Brief des Vorstands

Sehr geehrte Damen und Herren,

das Börsenjahr 2019 war von geopolitischen Einflüssen wie dem Brexit, dem US-chinesischen Handelskonflikt und dem anhaltenden Negativzinsumfeld am Rentenmarkt geprägt. Trotz zwischenzeitlicher Schwankungen beendeten die Aktienmärkte das Jahr mit einem deutlichen Plus. In diesem Umfeld bleiben wir als führender Dienstleister für Wertpapierservices in Deutschland der zuverlässige Partner, Berater und Lösungsanbieter an der Seite unserer Kunden.

2019 haben wir unseren eingeschlagenen Weg der Veränderung fortgesetzt. Wir haben neue Produkte eingeführt, Prozesse effizienter gestaltet sowie in Technologie und Personal investiert. Die Marktentwicklung im Wertpapiergeschäft hat dabei zu einem erheblichen Anstieg unserer Transaktionszahlen geführt. Mit 27,8 Mio.

Transaktionen haben wir 2019 eine Steigerung von circa 5,7 Prozent gegenüber dem Vorjahr erreicht. Die Anzahl der betreuten Endkundendepots stieg im gleichen Zeitraum leicht auf 4,8 Mio. zum Jahresende. Das Ergebnis vor Steuern 2019 lag bei 24,5 Mio. Euro und 15,7 Mio. Euro nach Steuern.


27,8

Mio. Transaktionen


4,8

Mio. Depots


24,5

Mio. Euro Ergebnis vor Steuern


1.250

Kundeninstitute

Mit 27,8 Mio. Transaktionen haben wir 2019 eine Steigerung von circa 5,7 Prozent gegenüber dem Vorjahr erreicht.

Das Ziel, unsere marktführende Position für Wertpapierservices im deutschen Finanzmarkt zu festigen, verfolgen wir weiter konsequent. Unser Strategieprogramm dwpbank 4.0 zur Steigerung der Effizienz und zur Realisierung zusätzlicher Wachstumspotenziale wurde zum Jahresende erfolgreich abgeschlossen. Die im Rahmen des Programms eingeführte End-to-End-Optimierungsmethode, mit der während der Laufzeit des Programms insgesamt über 900 Maßnahmen umgesetzt wurden, führen wir weiter fort.

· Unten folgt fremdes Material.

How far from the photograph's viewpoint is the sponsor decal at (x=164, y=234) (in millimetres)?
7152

Der sukzessive Ausbau der 2017 gegründeten dwp Service GmbH ist planmäßig vorangeschritten. Ebenfalls im Rahmen des Strategieprogramms dwpbank 4.0 haben wir 2019 mit der Vertriebsoffensive für das Marktfolgeprodukt BOSC-Services über 95.000 neue Depots gewonnen. Auch den Ausbau unserer Wertpapierservices haben wir fortgeführt: 2019 konnten wir die Sparplanfunktionalität für die Genossenschaftliche FinanzGruppe umsetzen und haben mit der Realisierung des Aktiensparplans begonnen.

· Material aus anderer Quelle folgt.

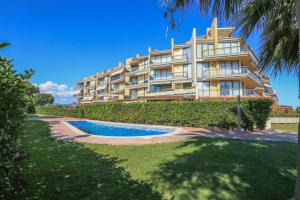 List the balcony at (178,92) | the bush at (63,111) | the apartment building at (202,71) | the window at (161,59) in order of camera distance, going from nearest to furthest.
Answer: the apartment building at (202,71) → the bush at (63,111) → the balcony at (178,92) → the window at (161,59)

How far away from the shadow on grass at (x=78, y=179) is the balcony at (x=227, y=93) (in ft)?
101

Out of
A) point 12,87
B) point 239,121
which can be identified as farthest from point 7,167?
point 239,121

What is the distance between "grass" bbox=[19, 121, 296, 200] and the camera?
4918mm

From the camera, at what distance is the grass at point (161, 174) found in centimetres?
492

2019 haben wir mit der Vertriebsoffensive für das Marktfolgeprodukt BOSC-Services über 95.000 neue Depots gewonnen.

Um unseren Kunden dauerhaft zukunftsfähige, effiziente und skalierbare Wertpapierservices bieten zu können, modernisieren wir weiterhin unsere IT-Plattform. Ziel ist es, im Rahmen des Programms MoveWP3 unsere Herstellungskosten zu senken, die Flexibilität zu steigern und die langfristige Entwicklungsfähigkeit der IT-Systeme zu sichern. Die technische Weiterentwicklung der Abwicklungssysteme geschieht in enger Zusammenarbeit mit unserer Tochtergesellschaft dwp Software Kft. in Budapest. Unsere Innovationsfähigkeit konnten wir 2019 unter anderem mit dem Projekt finledger unter Beweis stellen:

Gemeinsam mit unseren Partnern DekaBank, DZ BANK und Helaba haben wir die erste Blockchain-basierte Plattform für die Abwicklung emittierter Schuldscheindarlehen in Deutschland realisiert. So können bisher überwiegend manuelle Prozesse vollständig digitalisiert stattfinden, was erhebliche Zeit- und Effizienzgewinne ermöglicht. Im Mai wurde ein erstes Pilotgeschäft über finledger erfolgreich abgeschlossen, und bereits Ende November erfolgte die erste rechtswirksame Abwicklung mit einem projektunabhängigen Partner. Ab 2020 soll die Plattform weiteren Marktteilnehmern zur Verfügung stehen.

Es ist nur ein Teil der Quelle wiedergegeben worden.